Many businesses are adopting AI to accelerate innovation and boost competitiveness. But poor implementation and inadequate governance slow progress and leave organizations exposed to significant risks, like data failures, compliance breaches, security gaps, and reputational damage.
A new Forrester Consulting study, commissioned by Tines, surveyed 400+ IT leaders across North America and Europe to learn more about the challenges and opportunities they’re facing when scaling AI. It found that governance and privacy are the top priorities when it comes to scaling AI – but they also represent the biggest blockers.
The answer? AI orchestration, which connects systems, tools, and teams to ensure that AI runs securely, transparently, and compliantly. Without it, 88% of IT leaders say AI adoption remains fragmented and difficult to scale.
According to 86% of respondents, IT is uniquely positioned to take this strategic role in orchestrating AI. But to make organization-wide impact, they need to overcome silos, align teams, and build trust with a compliance-first AI approach.
Key barriers to scaling AI
Today, organizations face a range of challenges when it comes to scaling AI:
Challenge 1: Governance and security
Businesses are increasingly aware of the risks associated with unchecked AI adoption, and ensuring AI solutions comply with governance and security regulations is the number-one priority for teams over the next 12 months. But traditional governance processes weren’t designed with AI’s complexity and evolving regulations in mind, making governance and security concerns a significant blocker to scaling AI for over a third of teams (38%).
Challenge 2: Trust and transparency
Forty percent of respondents say that employees don’t fully trust the outcomes generated by AI, making it a critical barrier to adoption. Without trust, employees can’t unlock the full benefits of AI, reducing ROI from your AI initiatives and stalling progress towards business goals. Transparency is essential to build this trust, but siloed AI initiatives and fragmented tools make it difficult to foster across systems and departments.
Challenge 3: Organizational barriers
IT is best-placed to scale AI, but organizational perceptions are holding them back. Some 38% of respondents believe that other departments frequently or occasionally underestimate the potential of IT, with 40% citing IT’s reactive focus on troubleshooting and uptime as the primary reason it’s not seen as a strategic driver at the board level.
The solution: unifying people, processes, and technology with orchestration
It’s clear that to overcome these challenges, organizations need to connect systems for greater visibility, control, and effectiveness. As organizations scale AI, almost two-thirds (73%) of respondents highlight the need for end-to-end visibility across AI workflows and systems. Almost half (49%) are looking for partners that can provide end-to-end centralized solutions, which will enable them to reduce siloes and build trust.
Orchestration is the missing link, enabling teams to scale AI with governance, compliance, and security. Without it, IT leaders say transparency is harder to achieve. That leaves organizations exposed to security risks, compliance issues, inconsistent governance, shadow IT, and employee distrust of AI outcomes.

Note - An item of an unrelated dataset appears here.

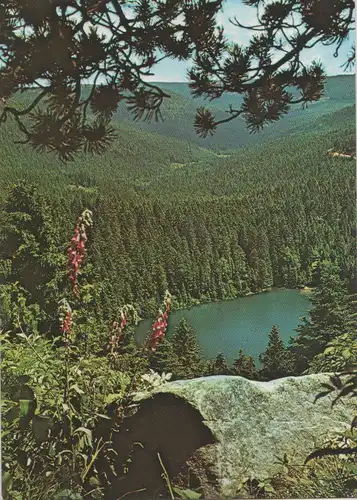 Schwarzwald - Wildsee beim Ruhestein - 1987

IT is uniquely able to connect strategy, teams, and data through orchestration while maintaining robust compliance, security, and governance. And IT leaders are ready: 38% believe that IT should own and lead AI orchestration, while 28% say it should act as the coordination hub between different business functions.
Elevating IT’s strategic role with orchestration
To effectively orchestrate AI across the enterprise and strengthen their strategic influence, IT teams should:
- Ensure visibility into AI efforts: 51% cite greater visibility across departments as the top factor that would help their IT organization take a leadership role in orchestrating AI across the business.
- Align teams around unified strategies: 49% of respondents say competing priorities between IT and other business teams is the most common factor slowing down or blocking orchestration, revealing the need for strong collaboration and alignment.
- Implement low-code and no-code solutions: 46% report that overreliance on developers or specialists creates a significant bottleneck, highlighting the need for sustainable resource models that leverage low- or no-code AI and automation tools.
- Connect outcomes to business value: 35% say lack of budget or executive sponsorship prevents scaling AI, so IT should frame initiatives in terms of ROI, revenue opportunities, and efficiency gains to secure buy-in and prove impact.